#### [Required work]
Reproduce only the lines below from the line containing "For example, if" to the line containing "In this session", exactly as written, with both end lines kept. Omit the pictures.

#### [Material supplied]
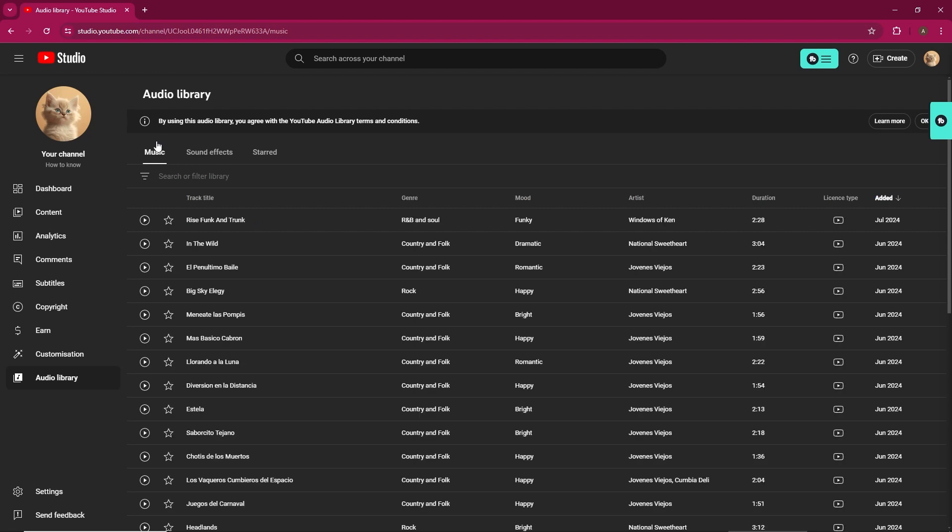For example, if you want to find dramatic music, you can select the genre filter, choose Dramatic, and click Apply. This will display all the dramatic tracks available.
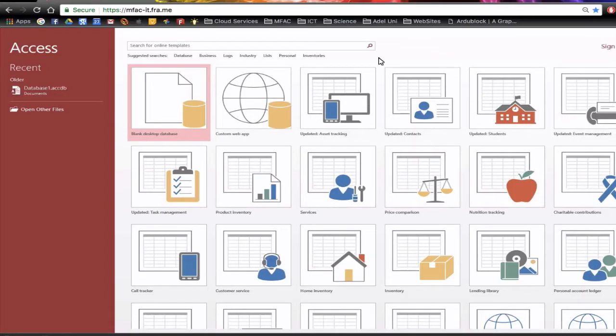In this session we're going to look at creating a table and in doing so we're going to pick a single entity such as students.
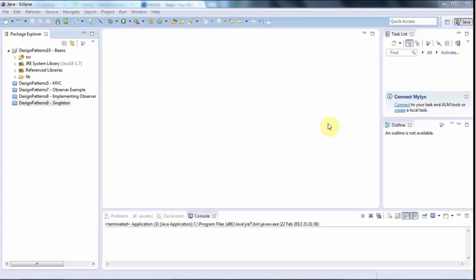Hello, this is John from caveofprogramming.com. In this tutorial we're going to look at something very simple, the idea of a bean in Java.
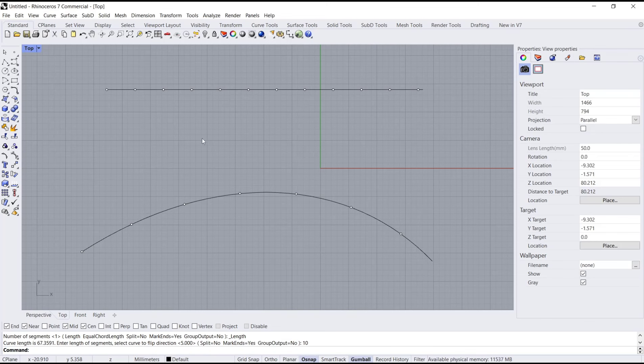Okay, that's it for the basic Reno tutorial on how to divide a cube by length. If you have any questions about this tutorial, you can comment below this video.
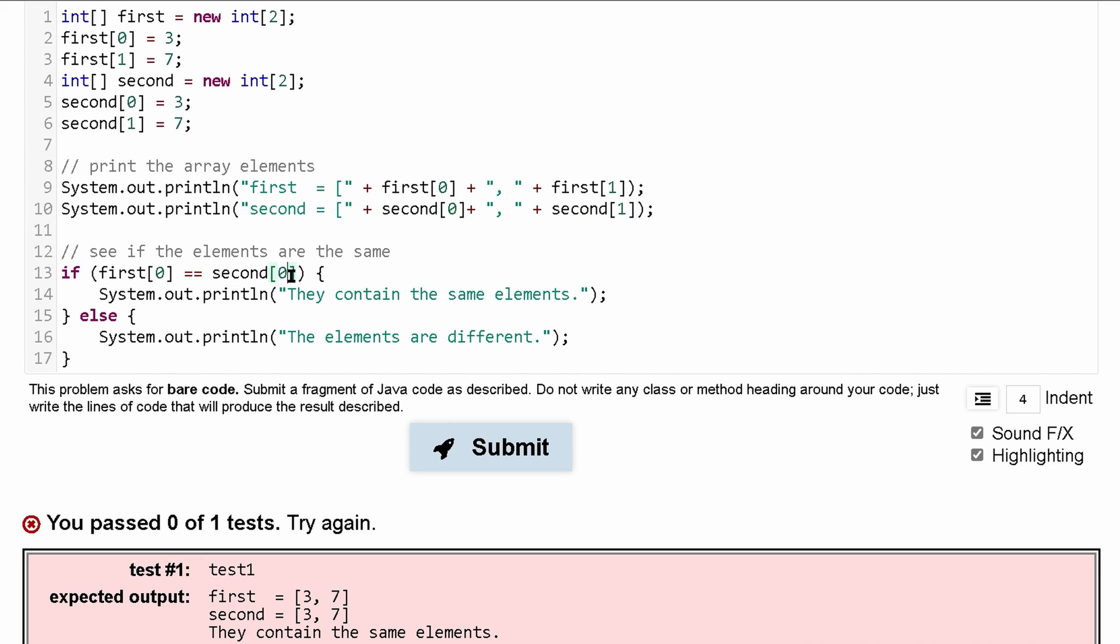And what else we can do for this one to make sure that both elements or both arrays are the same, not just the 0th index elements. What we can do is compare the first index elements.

* * *

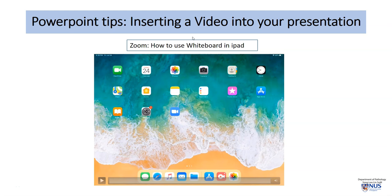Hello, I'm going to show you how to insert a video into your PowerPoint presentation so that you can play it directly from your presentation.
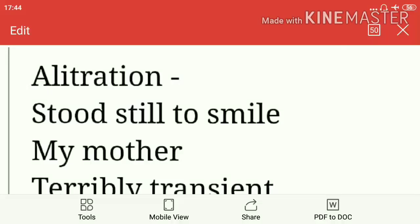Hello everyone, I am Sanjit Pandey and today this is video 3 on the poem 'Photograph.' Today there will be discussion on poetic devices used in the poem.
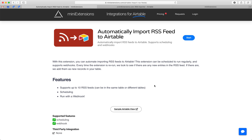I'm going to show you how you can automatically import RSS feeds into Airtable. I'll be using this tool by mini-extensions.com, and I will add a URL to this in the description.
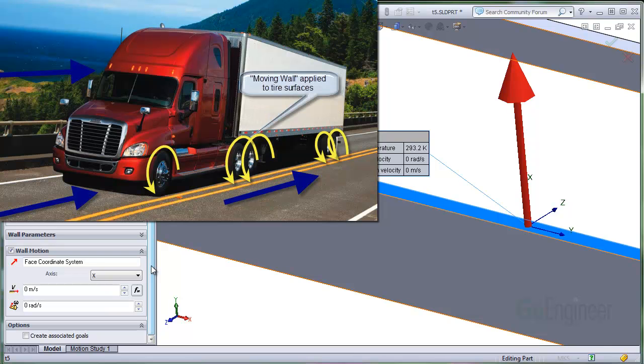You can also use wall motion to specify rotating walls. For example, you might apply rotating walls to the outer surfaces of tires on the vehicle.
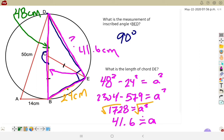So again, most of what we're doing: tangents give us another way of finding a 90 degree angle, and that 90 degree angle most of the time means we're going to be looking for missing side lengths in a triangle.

#### [Solution to this exercise]
For example, if you want to find dramatic music, you can select the genre filter, choose Dramatic, and click Apply. This will display all the dramatic tracks available.
In this session we're going to look at creating a table and in doing so we're going to pick a single entity such as students.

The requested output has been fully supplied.